The required result is an exact copy of the lines from the one containing "Trendnet TK803R 8" to the last line of the records, both ends included, without pictures.

------------------------------------------------------------

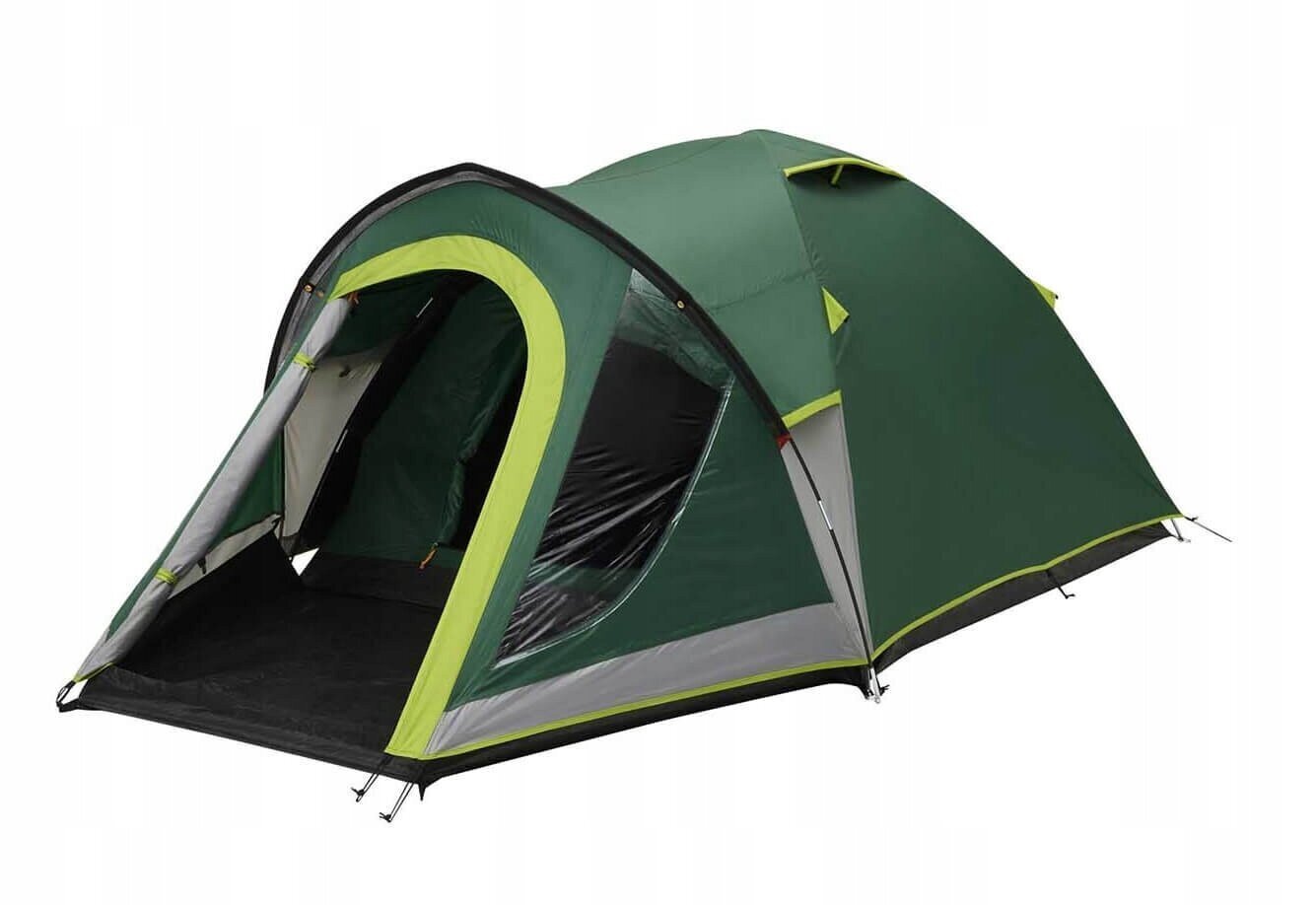 Tūrisma telts Coleman, zaļa цена и информация | Teltis | 220.lv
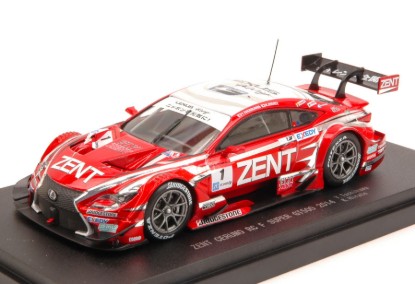 Immagine di LEXUS RC F N.1 SUPER GT500 2014 Y.TACHIKAWA-K.HIRATE 1:43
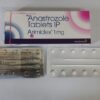 Arimidex 1mg 60 tablets product package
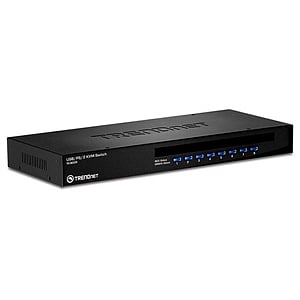 Trendnet TK803R 8 PC VGA USBPS2  KVM
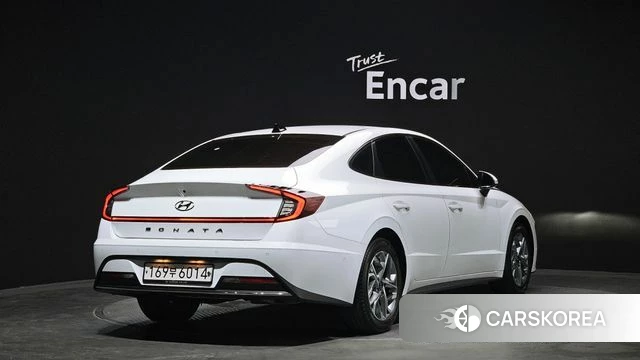 Hyundai Sonata (DN8) id 4317603 из Кореи 12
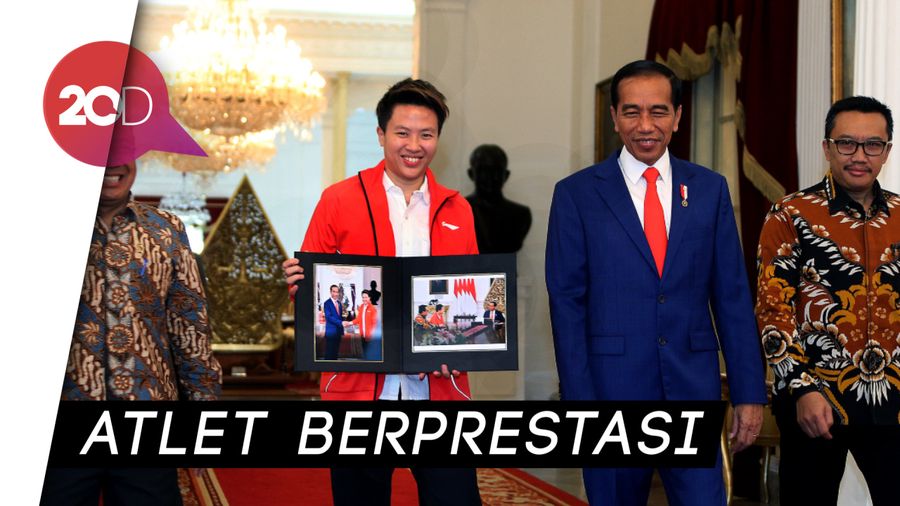 Jokowi Sebut Liliyana Natsir Inspirasi Bulu Tangkis Nasional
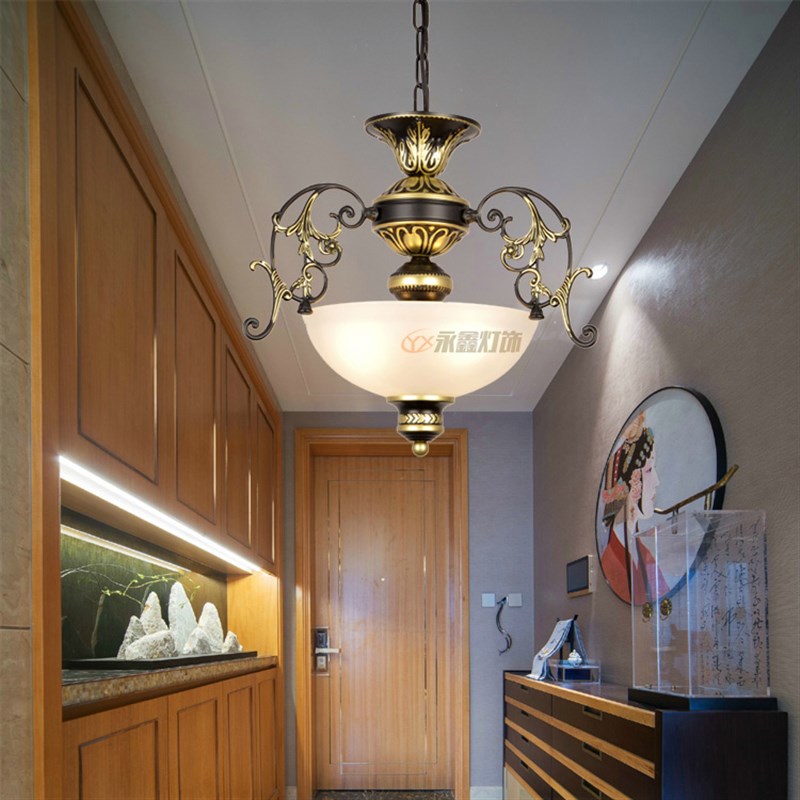 吊灯客厅灯可换灯泡餐厅2024新款饭桌氛围M感艺术个性创意单头灯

------------------------------------------------------------

**ANSWER TO THE PROBLEM**
 Trendnet TK803R 8 PC VGA USBPS2  KVM
 Hyundai Sonata (DN8) id 4317603 из Кореи 12
 Jokowi Sebut Liliyana Natsir Inspirasi Bulu Tangkis Nasional
 吊灯客厅灯可换灯泡餐厅2024新款饭桌氛围M感艺术个性创意单头灯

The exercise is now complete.